1305 (1889) yılında Gaziantep’in İmam Bölüğü (Ulucanlar) Mahallesi'nde Ahmet Çelebi Camisi yanındaki üç odalı şirin bir evde soğuk bir kış günü, Emine Emmun adlı bir kadın üçüncü çoğunu dünyaya getirdi.
Babası iplikçi Hacı Muhammet adını Hanifi koydu. Bu çocuk okul çağına kadar muhitin icap ettirdiği şekilde yetişti.
Beş yaşında ninesi Kerime Hoca'dan "Elif ve Amme” cüzlerini okuyarak ikmâl etmiş ve Ahmet Çelebi Medresesi'ne verilmiştir. 1908 yılına kadar burada tahsil edip, bu tarihte Rüştü Hoca ile olan ahbablığı neticesi Rüştü Hoca'nın bulunduğu Nakip Medresesi'ne devama başladı. 1913 yılında Gaziantep Darülmuâllimi'nden mezun oluncaya kadar muhitin dar çerçevesini kırarak, kültürünü artırma çarelerini aramış ve o zamanın en ileri gazetelerinden olan Sebilürreşat Tasvir-i Efkâr gibi yayınlara abone olmuş ve Celâl Nuri ile Şemseddin Günaltay'ın eserlerinin mühim bir kısmını okumuştur.
Arapça ve Farsçayı öğrendikten sonrada bu dildeki ilerici eserleri okumuştur.
Doğu dillerinden okuduğu eserler karşısında tatmin olmayan Muhammet Hanifi bazı Ermeni arkadaşlarından da İngilizce öğrenmeye başladı. Okuldan mezun olduktan sonra evlendi ve Tılfar (Kocatepe) köyüne öğretmen oldu. Bu arada okulda kendisine gösterilen Fransızcası ilerletti.
Seferberlikte yedek subay olarak önce Halıcıoğlu'nda sonrada Tekirdağı'nda vazife gördü. Bu sırada (Antep) hakkında bir kitap yazmaya da başladı Tekirdağı'nda görevde bulunurken, Muradlı Çayı'nda gusül ederken 28 yaşında 1333 yılının Ağustos ayının son günlerinde boğulup öldü.

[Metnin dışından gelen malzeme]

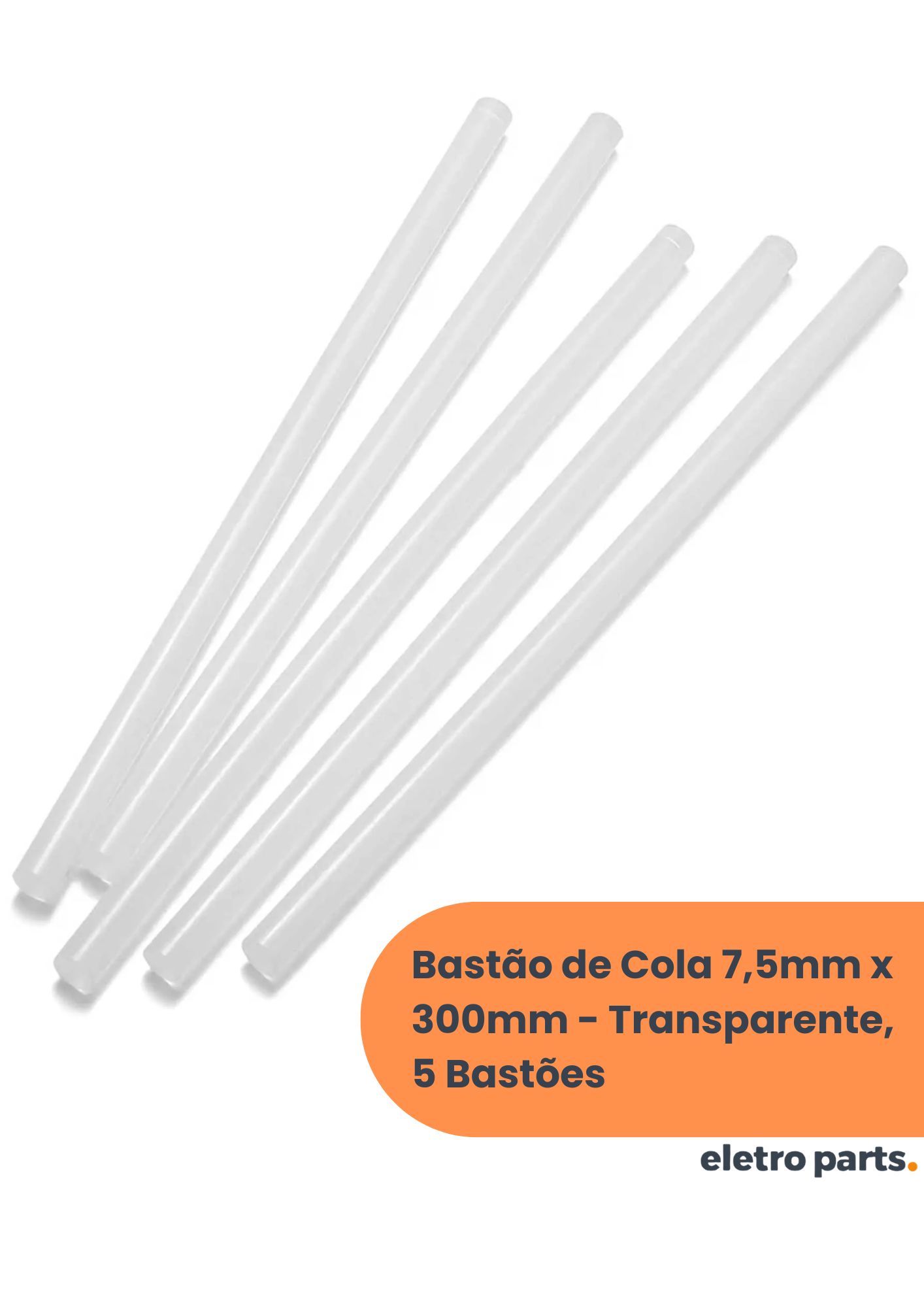 Cola Bastão 7,5mm Transparente - Pacote 5 Unidades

Hanifi Efendi öldüğü zaman geride bir kızı ve bir karısı vardı. Kızı Nazife amcası Haci Ali Diler'in yanında yetişti. Fakat Mardin şehrinde nakış hocası olarak bulunurken o da enfarktüsten öldü.
Hanifi Efendi'nin kardeşleri hâlen İstanbul’da oturan Hacı Ali Diler, Hacı Mustafa Akyürek'tir.
Buraya kadar olan kısaca hayatından bahsettiğim Hanifi Hoca'nın fikir tarihindeki yerini ikinci bir yazımla belirteceğim.